Background & Motivation¶

Background: Diffusion-based planners (e.g., Diffusion Planner, DiffusionDrive) can learn human-like, socially compatible driving trajectories from large-scale human demonstrations, making them a popular probabilistic paradigm in autonomous driving motion planning. Recent work has begun using Reinforcement Fine-Tuning (RFT) to perform reward-driven optimization on diffusion planners within a "generation-evaluation" closed loop to mitigate distribution shift and objective misalignment caused by pure Imitation Learning (IL).
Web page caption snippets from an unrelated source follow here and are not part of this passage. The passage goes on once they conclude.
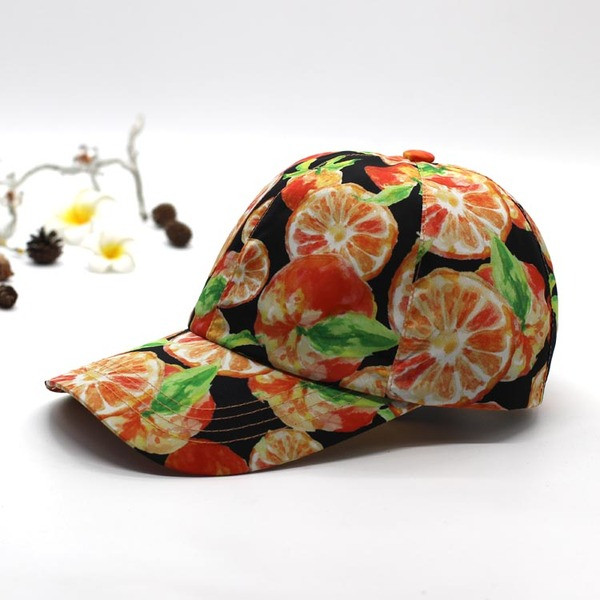 Női nyári sapka napellenzővel és rátéttel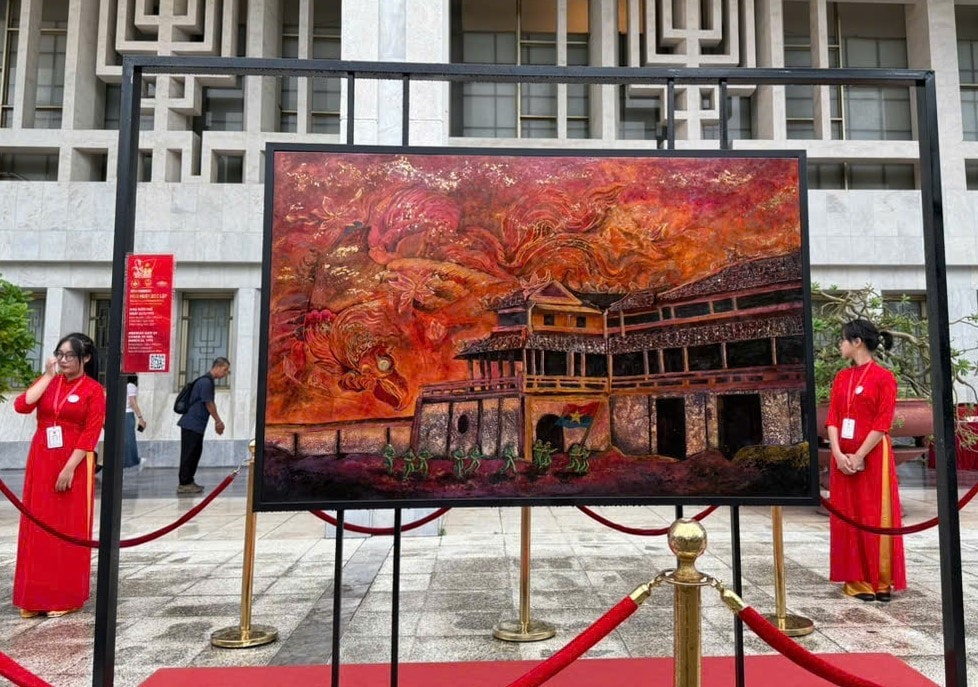 Tác phẩm sơn mài sonmai6.jpg
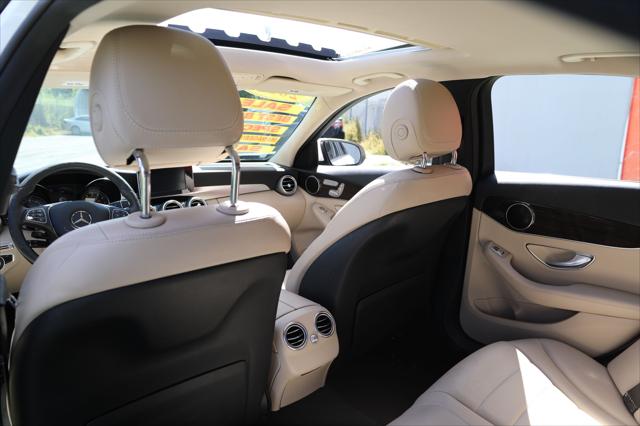 2018 Mercedes-Benz C-CLASS C 300 Unknown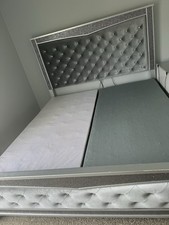 King size canopy for sale  Renton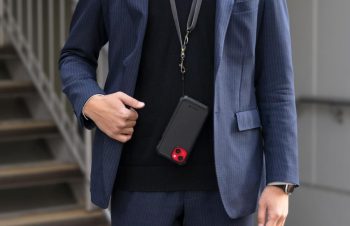 トリニティ、肩にも首にもかけられるスマホショルダーを限定発売。素材にクラリーノ使用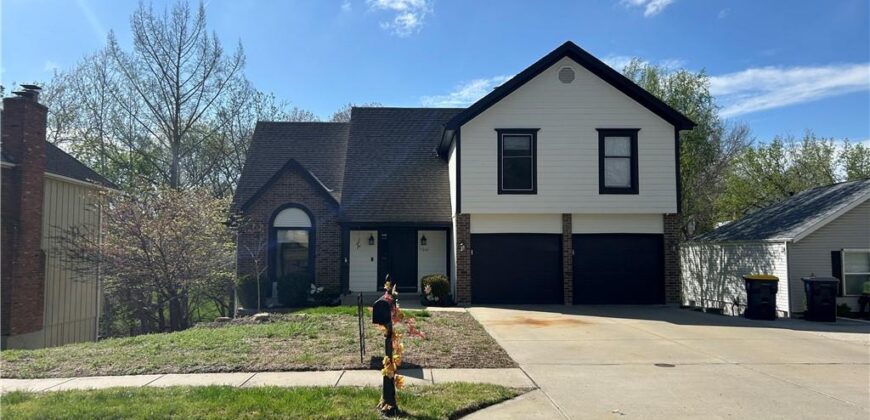 7316 N Granby Avenue, Kansas City, MO 64151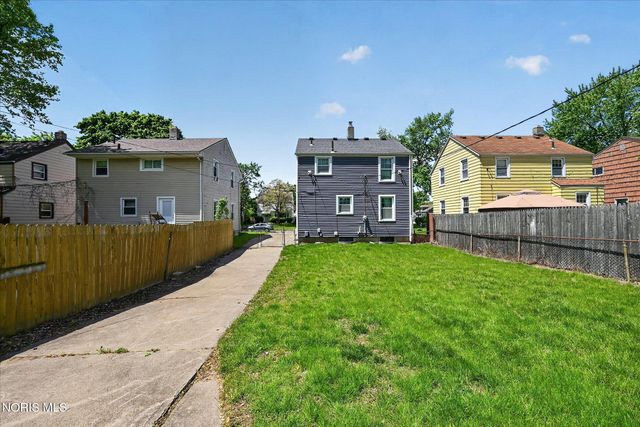 553 Andora Drive, Toledo, OH 43609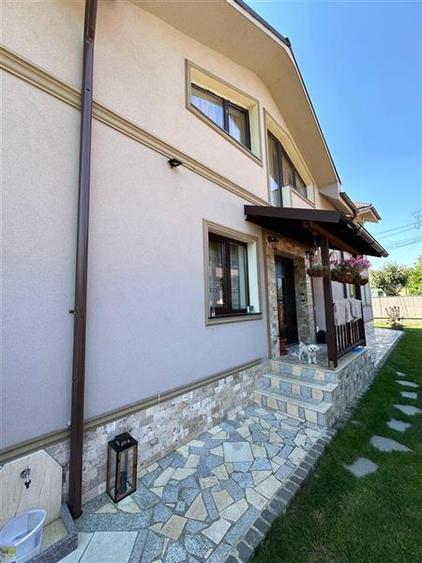 Casă individuală cu 4 camere cu Teren 330 Mp în Central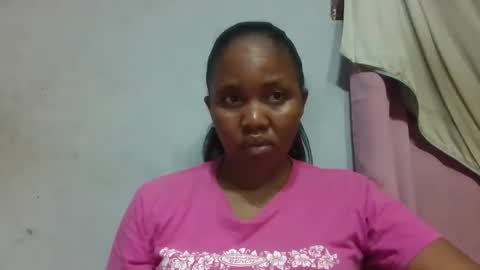adelealy online show from May 3, 3:12 am
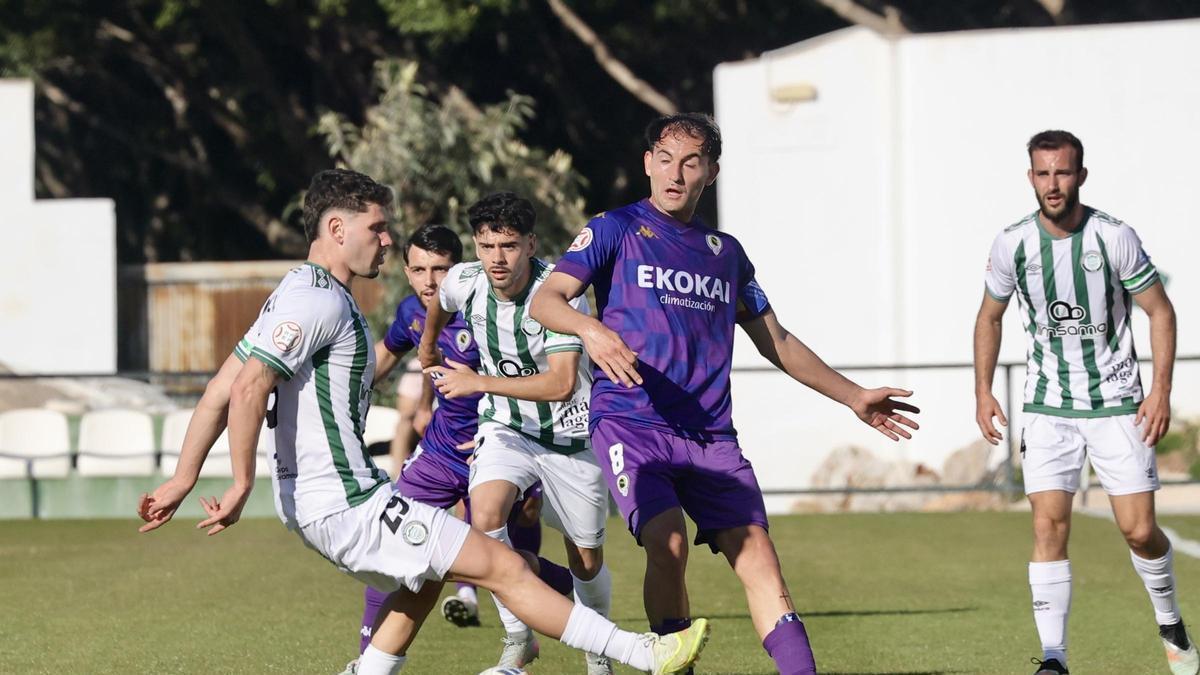 Juventud Torremolinos : El reto de la supervivencia en Primera RFEF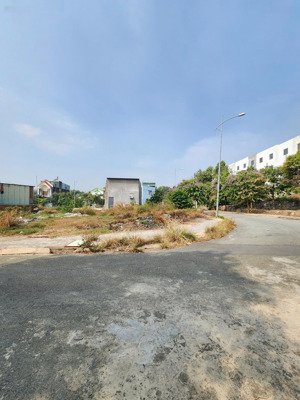 3.5 tỷ/ bán đất 2 mặt tiền kdc hố lang gần đường liên huyện, p. tân bình, tp. dĩ an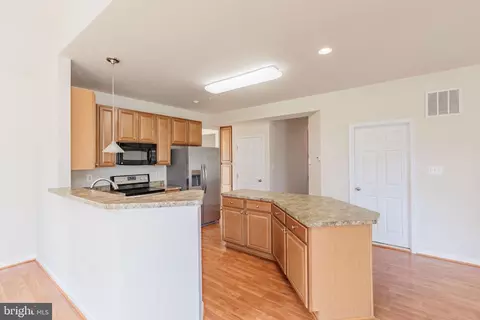 Kitchen - 122 Sunlight Ct, Frederick, MD 21702 photo 4 of 4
Limitations of Prior Work: The RFT paradigm of "actor generates candidate trajectories → simulation scoring → group-wise reinforcement update" depends almost entirely on the exploration capability of the generator, i.e., the distribution of candidate trajectories. However, vanilla diffusion planners suffer from modal collapse—different noise inputs converge to nearly identical trajectories after denoising. This lack of diversity in candidate groups fails to provide effective optimization signals for reinforcement fine-tuning.

Key Challenge: To alleviate collapse, anchor-based diffusion planners start from a "Gaussian distribution centered at anchors" rather than pure Gaussian noise. While this generates diverse and motion-consistent trajectories, these anchors are fixed and scene-independent. Some anchors produce scene-appropriate maneuvers, while others generate motions that conflict with the context, injecting noisy gradients and undermining the stability of reinforcement optimization. Thus, the challenge lies in the dual requirement for exploration: it must be both diverse (multi-modality) and scene-consistent/adaptive (adaptivity). Existing methods typically sacrifice one for the other.
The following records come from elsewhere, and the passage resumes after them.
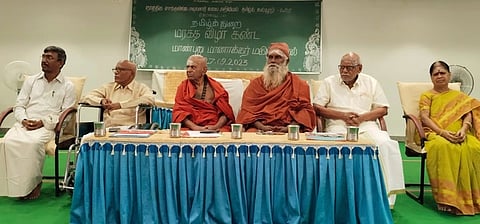 முன்னாள் மாணவா்கள் மகிழ்வேந்தல் விழாவில் பங்கேற்ற சாந்தலிங்க மருதாசல அடிகளாா், வரன்பாளையம் ஆதீனம் சிவாச்சலம் அடிகள், புலவா் பூ.அ.ரவீந்திரன் உள்ளிட்டோா்.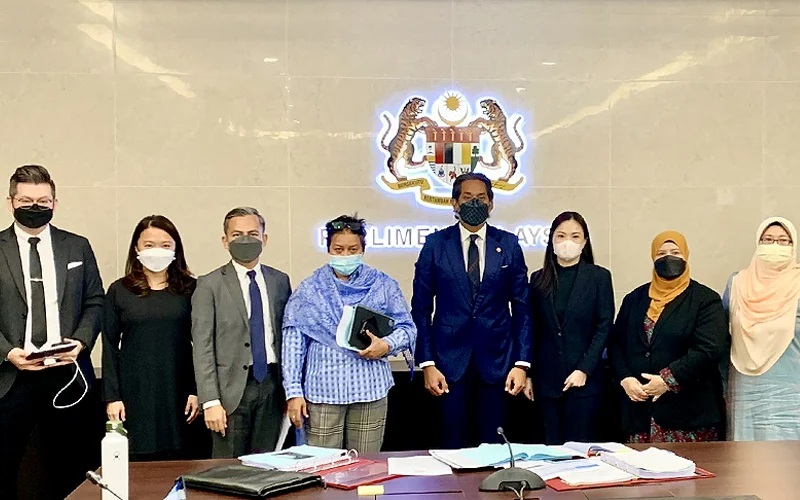 独家 | 07后禁烟法或延后·10月才投票表决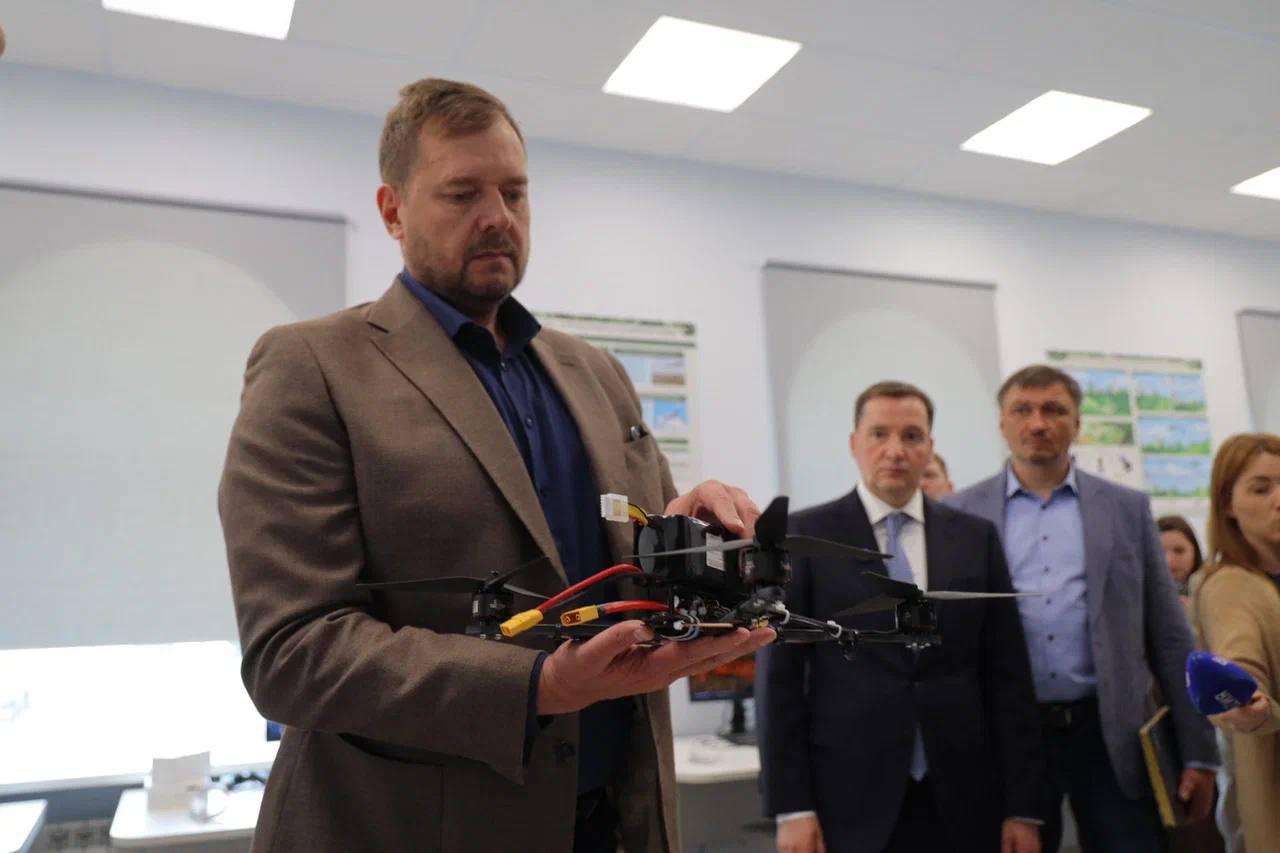 Посетил IT-парк «Цифровая Арктика», в котором ведутся ключевые разработки для развития отраслей экономики Архангельской области. На базе IT-парка развернут большой производственный цех беспилотных летательных аппаратов, договорились объединить усилия вузов наших регионов в этом направлении. Отдельно ознакомился с проектом по цифровизации процессов лесопользования и с виртуальным навигационным тренажером по управлению и маневрированию судами. Вся эта большая научная и образовательная база позволяет готовить узкопрофильных специалистов, внедрять научные разработки непосредственно на предприятиях.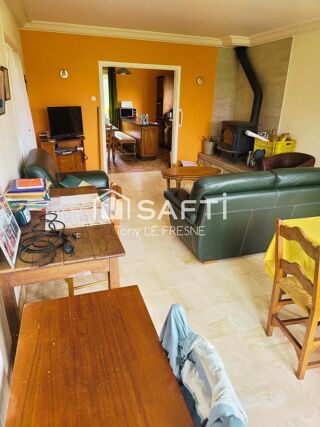  Maison  vendre 8 pices 140 m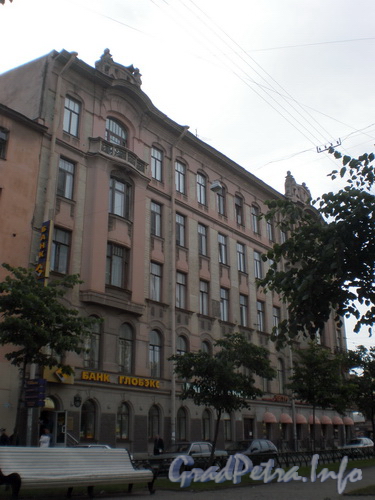 Пр. Чернышевского, д. 12, общий вид здания. Фото 2008 г.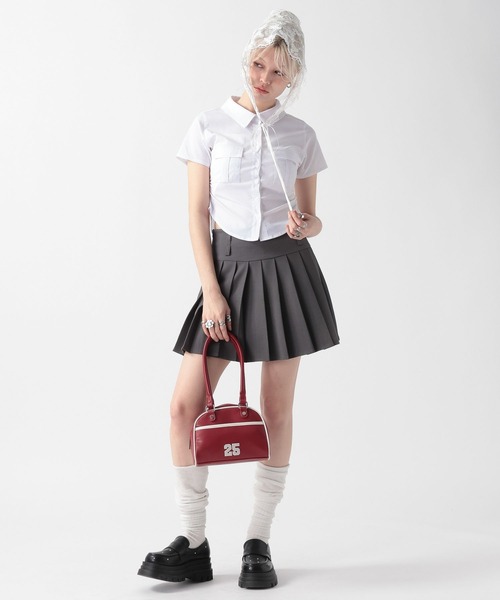 FOREVER 21（フォーエバー トゥエンティーワン）の「【2025SS】コンパクトスリムシャツ（シャツ/ブラウス・レディース・ブラック/ホワイト/グレー・FREE）」の8枚目の写真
Goal: Without changing the original inference pipeline, enable the diffusion planner during RFT to sample multi-modal candidates while adaptively shifting the exploration direction toward "more promising" regions based on the scene, thereby improving the sample efficiency of reinforcement sampling.

Key Insight: Replace fixed anchors with policy-guided denoising—injecting energy-based classifier guidance into the denoising process to generate diversity, and training an Exploration Policy to dynamically adjust guidance intensity for scene adaptivity. The overall framework uses GRPO to optimize the trajectory distribution and PPO to optimize the guidance policy, forming a dual-branch closed-loop fine-tuning setup.

Method¶

Overall Architecture¶

Given an IL-pretrained diffusion planner (shared scene encoder + DiT decoder), PlannerRFT duplicates and freezes one copy as a global reference. It then inserts an Exploration Policy module into the original architecture and fine-tunes the planner through closed-loop rollouts to be safer and more efficient. The workflow is: Reference trajectory + scene context → Exploration Policy provides guidance intensity → Guided denoising samples a group of diverse and scene-adaptive candidate trajectories → Closed-loop rollout scoring in the nuMax simulator → Dual-branch optimization (GRPO for trajectory distribution, PPO for guidance policy) → Updating the planner iteratively.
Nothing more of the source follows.